Cardiomyoplasty in vitro: Host /Doner Cell Interactions

体外心肌成形术：宿主/供体细胞相互作用

• 批准号: 7145059
• 负责人: Nenad Bursac
• 金额: $ 22.43万
• 依托单位: DUKE UNIVERSITY
• 依托单位国家: 美国
• 财政年份: 2006
• 资助国家: 美国
• 起止时间: 2006-06-15 至 2008-05-31
• 项目状态: 已结题
• 来源: https://reporter.nih.gov/project-details/7145059
• 关键词: age difference; autologous transplantation; bone marrow; calcium flux; cardiac myocytes; cell cell interaction; cell differentiation; cell transplantation; growth factor; heart electrical activity; immunocytochemistry; immunofluorescence technique; intercellular connection; laboratory rat; membrane potentials; mixed tissue /cell culture; myoblasts; tissue /cell culture

DESCRIPTION (provided by applicant): Implantation of exogenous donor cells into the heart (cellular cardiomyoplasty) is an emerging methodology for the treatment of post-ischemic ventricular remodeling. While initial clinical implantations of autologous skeletal myoblasts and bone marrow cells have been promising, the intrinsic potential of these cells to affect electro-mechanical function of surrounding heart tissue has still not been elucidated. Therefore, the main goal of this proposal is to systematically study the ability of different donor cells (i.e. skeletal myoblasts and mesenchymal stem cells, as compared to control cardiac myofibroblasts) to propagate electro-mechanical activity through a host cardiac network in vitro. We hypothesize that: 1) propagation of electrical activity through donor cells depends on their type and stage of differentiation, as well as the presence of not only electrical but also mechanical junctions between the donor-donor and host-donor cell pairs, and 2) electro- mechanical propagation in the donor cell implant can be improved through upregulation of the intercellular communication by specific growth factors. To test these hypotheses we propose to study electrical conduction through donor cells using a geometrically simplified, reproducible one-dimensional setting, i.e. the micropatterned cardiomyocyte strands with inserts made of donor cells. The propagation of cell membrane potentials and intracellular calcium transients in donor cells will be optically mapped in the presence of various differentiation agents and growth factors. Obtained results will be correlated with those from immunohistochemical and molecular analyses. The findings from this proposal are expected to elucidate potential of different donor cells to functionally integrate in the heart. Eventually, the proposed experimental framework will allow us to perform high throughput in vitro analysis of the factors that can improve electromechanical propagation of different donor cells. The final aim is to aid in the development of efficient and safe cell-based approaches for the treatment of regional heart injury due to ischemia, infarction, or congenital defects.

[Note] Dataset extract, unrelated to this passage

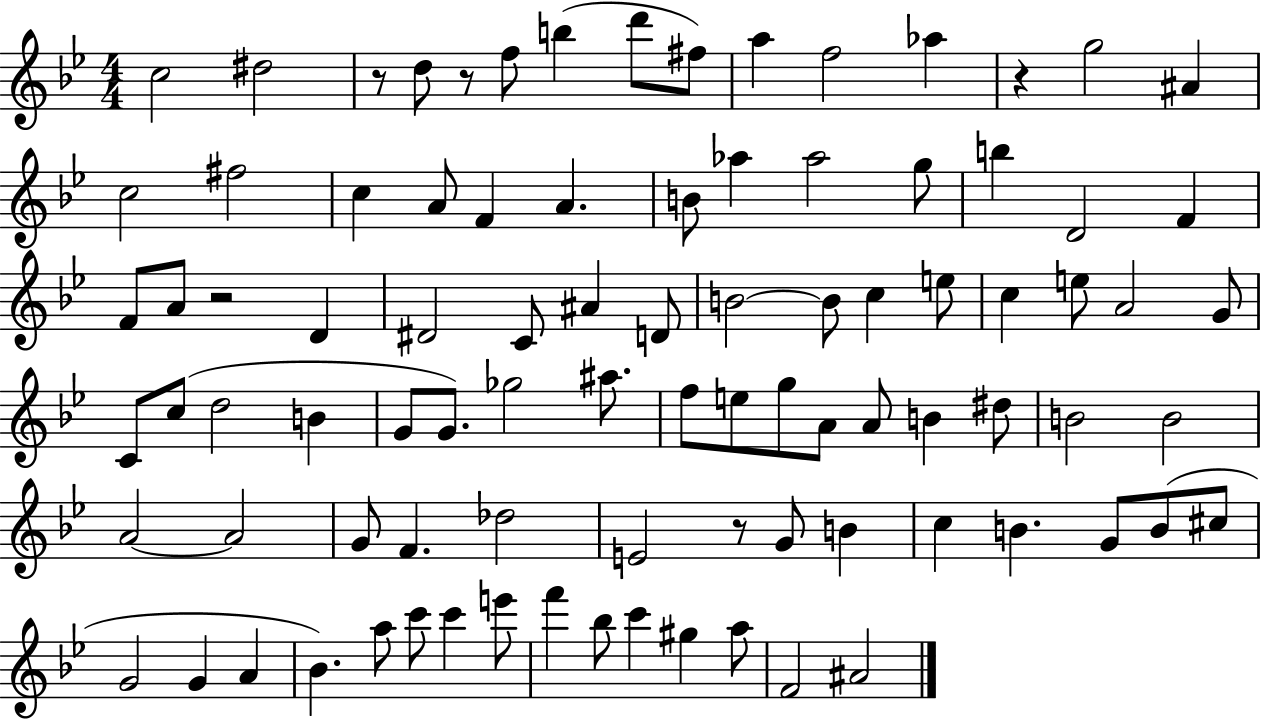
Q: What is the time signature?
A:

描述（由申请人提供）：将外源供体细胞植入心脏（细胞心肌成形术）是治疗缺血后心室重塑的新兴方法。虽然自体骨骼成肌细胞和骨髓细胞的初步临床植入前景广阔，但这些细胞影响周围心脏组织机电功能的内在潜力尚未阐明。因此，该提案的主要目标是系统地研究不同供体细胞（即骨骼肌母细胞和间充质干细胞，与对照心脏肌成纤维细胞相比）在体外通过宿主心脏网络传播机电活动的能力。我们假设：1）电活动通过供体细胞的传播取决于其类型和分化阶段，以及供体-供体和宿主-供体细胞对之间不仅存在电连接而且还存在机械连接，2）供体细胞植入物中的机电传播可以通过特定生长因子上调细胞间通讯来改善。为了测试这些假设，我们建议使用几何简化的、可重复的一维设置（即带有由供体细胞制成的插入物的微图案心肌细胞链）来研究通过供体细胞的电传导。在各种分化剂和生长因子的存在下，供体细胞中细胞膜电位和细胞内钙瞬变的传播将被光学绘制。获得的结果将与免疫组织化学和分子分析的结果相关联。该提案的研究结果有望阐明不同供体细胞在心脏中功能整合的潜力。最终，所提出的实验框架将使我们能够对可以改善不同供体细胞机电传播的因素进行高通量体外分析。最终目标是帮助开发有效且安全的基于细胞的方法来治疗由于缺血、梗塞或先天性缺陷引起的局部心脏损伤。